As the first Air National Guard unit in history to receive the call to serve in war, it was apparent national leaders knew Colorado’s best would have no issue forging their name through that chaos and the jungles of southeast Asia.

On Oct. 14, the 140th Wing held a commemorative ceremony in memory of the defining “call up,” and in memorial to two Colorado Air Guard members lost to the war.

“All of this was made possible through a legacy of excellence,” said Brig. Gen. Floyd Dunstan, Colorado ANG Assistant Adjutant General. “(That) excellence and readiness (started) back in 1968 when you were the first to be called into federal service in Vietnam.”

The Colorado ANG sent approximately 900 members who served for 15 months, 250 of whom went to Phan Rang Air Base, Vietnam. Those 350 conducted flew over 9,000 combat hours and dropped approximately 18,000 munitions. Even at its practical inception as a combat-ready, combat-tested unit, Colorado ANG members knew the value of one another over all else.
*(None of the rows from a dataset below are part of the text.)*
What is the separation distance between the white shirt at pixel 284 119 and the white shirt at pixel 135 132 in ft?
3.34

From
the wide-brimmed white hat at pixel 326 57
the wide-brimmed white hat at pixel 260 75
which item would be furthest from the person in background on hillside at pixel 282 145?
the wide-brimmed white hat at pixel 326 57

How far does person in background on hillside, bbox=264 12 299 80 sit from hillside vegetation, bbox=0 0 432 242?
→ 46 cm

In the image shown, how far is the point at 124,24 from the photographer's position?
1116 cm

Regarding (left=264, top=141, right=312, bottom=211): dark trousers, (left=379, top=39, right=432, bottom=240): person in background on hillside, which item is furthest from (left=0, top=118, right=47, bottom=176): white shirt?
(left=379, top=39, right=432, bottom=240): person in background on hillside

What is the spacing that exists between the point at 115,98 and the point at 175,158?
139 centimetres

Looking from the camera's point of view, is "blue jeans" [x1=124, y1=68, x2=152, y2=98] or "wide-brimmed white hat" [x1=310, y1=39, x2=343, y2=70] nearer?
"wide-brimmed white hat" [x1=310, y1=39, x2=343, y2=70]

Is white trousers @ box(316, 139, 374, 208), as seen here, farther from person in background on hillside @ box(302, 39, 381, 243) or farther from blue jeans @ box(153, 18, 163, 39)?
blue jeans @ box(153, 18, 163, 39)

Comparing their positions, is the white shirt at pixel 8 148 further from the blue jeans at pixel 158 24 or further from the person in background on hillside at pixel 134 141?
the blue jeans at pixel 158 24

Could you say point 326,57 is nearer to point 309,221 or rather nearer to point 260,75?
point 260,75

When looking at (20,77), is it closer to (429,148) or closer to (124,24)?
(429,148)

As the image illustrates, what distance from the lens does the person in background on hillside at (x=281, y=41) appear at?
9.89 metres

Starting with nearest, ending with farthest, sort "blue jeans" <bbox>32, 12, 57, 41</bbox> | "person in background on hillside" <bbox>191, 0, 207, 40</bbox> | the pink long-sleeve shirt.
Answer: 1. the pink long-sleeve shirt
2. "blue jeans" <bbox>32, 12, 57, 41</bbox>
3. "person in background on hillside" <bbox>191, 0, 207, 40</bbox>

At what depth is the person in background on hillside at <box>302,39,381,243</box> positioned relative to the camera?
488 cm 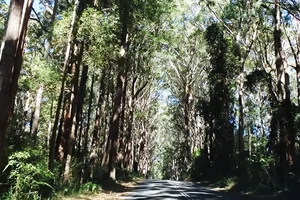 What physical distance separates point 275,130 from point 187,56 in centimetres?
2434

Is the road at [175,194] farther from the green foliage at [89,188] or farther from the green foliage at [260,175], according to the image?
the green foliage at [260,175]

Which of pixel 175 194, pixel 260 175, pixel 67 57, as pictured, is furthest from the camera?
pixel 260 175

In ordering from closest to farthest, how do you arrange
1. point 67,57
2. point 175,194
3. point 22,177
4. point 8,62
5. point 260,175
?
1. point 8,62
2. point 22,177
3. point 67,57
4. point 175,194
5. point 260,175

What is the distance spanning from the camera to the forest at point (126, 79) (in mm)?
10966

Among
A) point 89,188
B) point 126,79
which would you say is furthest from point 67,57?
point 126,79

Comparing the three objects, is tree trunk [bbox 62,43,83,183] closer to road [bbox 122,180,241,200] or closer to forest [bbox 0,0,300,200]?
forest [bbox 0,0,300,200]

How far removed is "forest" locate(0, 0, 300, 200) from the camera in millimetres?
10966

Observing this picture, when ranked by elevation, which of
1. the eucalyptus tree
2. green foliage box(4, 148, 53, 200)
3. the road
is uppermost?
the eucalyptus tree

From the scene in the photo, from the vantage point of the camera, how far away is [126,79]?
30281 mm

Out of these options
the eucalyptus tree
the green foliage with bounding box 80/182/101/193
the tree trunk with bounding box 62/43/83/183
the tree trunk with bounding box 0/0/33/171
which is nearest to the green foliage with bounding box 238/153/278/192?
the eucalyptus tree

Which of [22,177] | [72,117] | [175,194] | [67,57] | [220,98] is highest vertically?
[220,98]

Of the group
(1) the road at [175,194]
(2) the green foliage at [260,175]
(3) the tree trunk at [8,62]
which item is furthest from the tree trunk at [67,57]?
(2) the green foliage at [260,175]

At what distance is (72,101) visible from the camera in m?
17.1

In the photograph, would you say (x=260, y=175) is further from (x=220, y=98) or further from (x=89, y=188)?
(x=220, y=98) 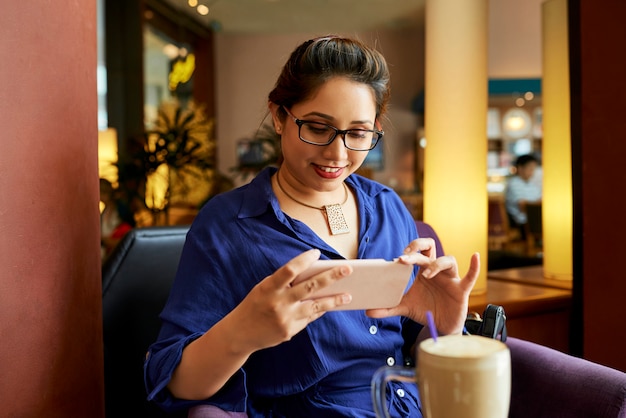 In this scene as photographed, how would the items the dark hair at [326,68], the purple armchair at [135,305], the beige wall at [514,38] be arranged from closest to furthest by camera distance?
the dark hair at [326,68], the purple armchair at [135,305], the beige wall at [514,38]

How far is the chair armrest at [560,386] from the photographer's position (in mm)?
1490

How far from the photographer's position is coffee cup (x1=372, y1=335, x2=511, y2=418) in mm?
890

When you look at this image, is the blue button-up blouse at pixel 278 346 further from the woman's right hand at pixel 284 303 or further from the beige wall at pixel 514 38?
the beige wall at pixel 514 38

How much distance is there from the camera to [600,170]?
2.66 meters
“When I was a (Marine), I had an M1 rifle and 184 Marines … we had a certain amount of firepower,” said Bob Beabout, COANG at ’68 Call-Up veteran. “When I became a pilot, (I) had more firepower than those 184 Marines with their M1s, but it took more than 184 just to get me in the air. You had to appreciate all those other people.”
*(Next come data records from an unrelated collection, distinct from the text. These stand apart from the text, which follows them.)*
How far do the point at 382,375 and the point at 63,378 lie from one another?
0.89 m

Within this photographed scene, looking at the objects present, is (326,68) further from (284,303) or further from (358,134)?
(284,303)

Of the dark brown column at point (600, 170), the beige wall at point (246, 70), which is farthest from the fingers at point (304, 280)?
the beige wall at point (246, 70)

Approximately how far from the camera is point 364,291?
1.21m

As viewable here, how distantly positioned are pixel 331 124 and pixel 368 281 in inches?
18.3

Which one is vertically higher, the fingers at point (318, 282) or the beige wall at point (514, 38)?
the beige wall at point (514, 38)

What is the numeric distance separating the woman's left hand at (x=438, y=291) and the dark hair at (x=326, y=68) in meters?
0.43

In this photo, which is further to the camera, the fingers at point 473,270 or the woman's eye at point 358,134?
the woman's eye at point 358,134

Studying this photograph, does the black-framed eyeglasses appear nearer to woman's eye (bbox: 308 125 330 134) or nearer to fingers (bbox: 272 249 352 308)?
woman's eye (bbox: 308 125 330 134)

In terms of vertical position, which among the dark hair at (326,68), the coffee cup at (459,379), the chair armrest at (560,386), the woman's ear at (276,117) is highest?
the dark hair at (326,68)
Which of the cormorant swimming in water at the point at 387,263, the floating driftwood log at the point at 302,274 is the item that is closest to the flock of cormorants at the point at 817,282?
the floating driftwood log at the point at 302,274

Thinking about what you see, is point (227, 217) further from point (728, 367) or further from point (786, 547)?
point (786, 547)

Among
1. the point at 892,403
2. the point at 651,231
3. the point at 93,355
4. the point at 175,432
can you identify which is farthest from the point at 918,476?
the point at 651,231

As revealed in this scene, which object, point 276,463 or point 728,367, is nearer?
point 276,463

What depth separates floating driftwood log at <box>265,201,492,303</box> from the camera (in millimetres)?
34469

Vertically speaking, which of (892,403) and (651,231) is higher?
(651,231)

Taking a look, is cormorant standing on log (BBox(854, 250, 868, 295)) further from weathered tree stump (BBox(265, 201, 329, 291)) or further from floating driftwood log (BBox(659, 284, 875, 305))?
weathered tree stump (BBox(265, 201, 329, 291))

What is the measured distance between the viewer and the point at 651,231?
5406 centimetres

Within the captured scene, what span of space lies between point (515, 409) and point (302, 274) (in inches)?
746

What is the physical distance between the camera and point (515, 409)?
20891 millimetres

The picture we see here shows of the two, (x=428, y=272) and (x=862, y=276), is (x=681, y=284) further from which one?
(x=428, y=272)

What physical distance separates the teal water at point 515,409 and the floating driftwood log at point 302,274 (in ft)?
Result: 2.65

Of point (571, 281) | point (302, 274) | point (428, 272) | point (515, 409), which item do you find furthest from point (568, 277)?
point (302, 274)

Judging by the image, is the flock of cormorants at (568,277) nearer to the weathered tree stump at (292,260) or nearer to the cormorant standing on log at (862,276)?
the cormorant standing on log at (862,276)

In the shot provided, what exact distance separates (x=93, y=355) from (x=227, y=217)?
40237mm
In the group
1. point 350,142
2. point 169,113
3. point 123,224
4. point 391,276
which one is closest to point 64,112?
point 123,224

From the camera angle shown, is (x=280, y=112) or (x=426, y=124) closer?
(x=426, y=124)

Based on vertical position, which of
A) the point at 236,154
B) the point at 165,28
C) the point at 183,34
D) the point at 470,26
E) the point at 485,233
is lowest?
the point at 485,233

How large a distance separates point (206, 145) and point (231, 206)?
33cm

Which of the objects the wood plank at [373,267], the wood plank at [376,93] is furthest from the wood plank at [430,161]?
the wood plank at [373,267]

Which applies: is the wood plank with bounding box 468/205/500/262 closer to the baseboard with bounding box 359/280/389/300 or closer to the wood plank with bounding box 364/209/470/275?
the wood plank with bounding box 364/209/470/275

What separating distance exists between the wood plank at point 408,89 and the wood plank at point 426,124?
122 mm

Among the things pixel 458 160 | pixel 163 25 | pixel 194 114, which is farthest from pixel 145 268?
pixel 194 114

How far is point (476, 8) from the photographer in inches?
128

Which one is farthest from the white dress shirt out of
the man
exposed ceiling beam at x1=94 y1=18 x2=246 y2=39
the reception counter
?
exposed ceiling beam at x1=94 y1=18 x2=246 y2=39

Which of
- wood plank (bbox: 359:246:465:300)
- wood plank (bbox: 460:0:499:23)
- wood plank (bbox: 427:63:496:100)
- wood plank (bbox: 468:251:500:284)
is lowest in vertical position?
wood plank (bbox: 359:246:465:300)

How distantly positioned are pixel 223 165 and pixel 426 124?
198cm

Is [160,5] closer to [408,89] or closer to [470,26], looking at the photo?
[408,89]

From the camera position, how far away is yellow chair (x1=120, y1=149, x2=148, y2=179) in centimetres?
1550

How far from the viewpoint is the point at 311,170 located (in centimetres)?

Unfortunately, no fight is won without sacrifice.

“At the end of the deployment, on March 27, 1969, Maj. Clyde Seiler was killed after being hit by enemy ground fire during an F-100 strafing mission,” said Rick Crandall, Colorado Freedom Memorial founder and event emcee. “A few days later, on April 3, Maj. Perry Jefferson failed to return from an intelligence gathering flight in a light observation plane. In 2007, Maj. Jefferson’s remains were found.”

Seiler’s remains were found and he was interred at Fort Logan National Cemetery in Denver. Jefferson was interred at Arlington National Cemetery on April 8, 2008, 39 years after his disappearance. Their names have not been forgotten by their comrades. Indeed, even their very loss proved the value of teamwork to all members of the Colorado ANG, past and present.

“We left as a team, and we came back as a team,” said Jacobson. “Losing team members, having the support of each other as team members—it’s just a great environment in which to serve, it really is.”